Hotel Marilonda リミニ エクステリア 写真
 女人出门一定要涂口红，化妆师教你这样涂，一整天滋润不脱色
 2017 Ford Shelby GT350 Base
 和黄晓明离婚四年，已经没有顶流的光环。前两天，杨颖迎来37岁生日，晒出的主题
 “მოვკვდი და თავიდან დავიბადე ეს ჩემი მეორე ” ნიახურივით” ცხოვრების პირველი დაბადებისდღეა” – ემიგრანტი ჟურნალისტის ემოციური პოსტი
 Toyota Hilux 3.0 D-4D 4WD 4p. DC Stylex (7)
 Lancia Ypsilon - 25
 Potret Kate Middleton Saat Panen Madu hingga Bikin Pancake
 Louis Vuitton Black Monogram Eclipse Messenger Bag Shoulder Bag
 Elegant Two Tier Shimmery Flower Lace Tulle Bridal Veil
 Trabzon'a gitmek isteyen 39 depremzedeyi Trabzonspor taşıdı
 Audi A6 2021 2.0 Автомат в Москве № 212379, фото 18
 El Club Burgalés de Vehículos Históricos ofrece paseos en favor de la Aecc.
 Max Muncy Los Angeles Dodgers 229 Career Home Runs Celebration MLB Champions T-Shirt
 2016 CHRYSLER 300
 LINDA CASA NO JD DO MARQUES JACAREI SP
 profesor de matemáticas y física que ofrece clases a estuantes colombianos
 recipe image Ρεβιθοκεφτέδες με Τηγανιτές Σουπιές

....................

**Task requirements**.
Throughout the data above, report every line that contains the string "ofrece".

**Output for this exercise**.
 El Club Burgalés de Vehículos Históricos ofrece paseos en favor de la Aecc.
 profesor de matemáticas y física que ofrece clases a estuantes colombianos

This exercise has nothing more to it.